Hello again! Since 2013 is now firmly ensconced in the record books, I thought I'd take some time out of your assorted hangover recoveries to revisit two of the Deadspin commentariat's favorite mathematical topics from the last year: prime numbers and modular arithmetic! Judging from the comments my last Mathspin! article received, it seems that I didn't spend enough time covering the mathematical foundation of current crypto or relating them to non-crypto-nerds with easily accessible examples; I hope that won't be the case this time around - I have pictures with colors and everything.

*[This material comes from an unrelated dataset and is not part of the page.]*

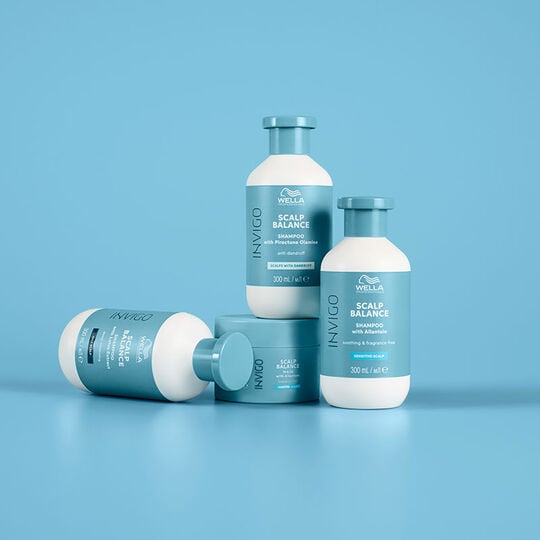 Shampooing cuir chevelu sensible Invigo Scalp Balance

If you've even come into tangential contact with the Internet since June, you've likely read about, heard about and are sick to death of discussions about the National Security Agency's operations to ensure the concept of "Internet privacy" is no more than a fond memory in everyone's minds. From the almost-completely-confirmed forced government blessing of a random number generator highly suspected to be backdoored to the completely-confirmed backdooring of chips used to make secure web-surfing faster, the world has discovered that the NSA has done everything it can to make TLS stand for "Tough Luck, Shithead". Edward Snowden couldn't take any more of this secret government skullduggery and decided to become a whistleblower - hence why he is currently in some secret Moscow bar going shot-for-shot with Putin - but before he left, he decided to use a small Texas-based email company to send his secret correspondence to reporters, a choice which became the company's undoing.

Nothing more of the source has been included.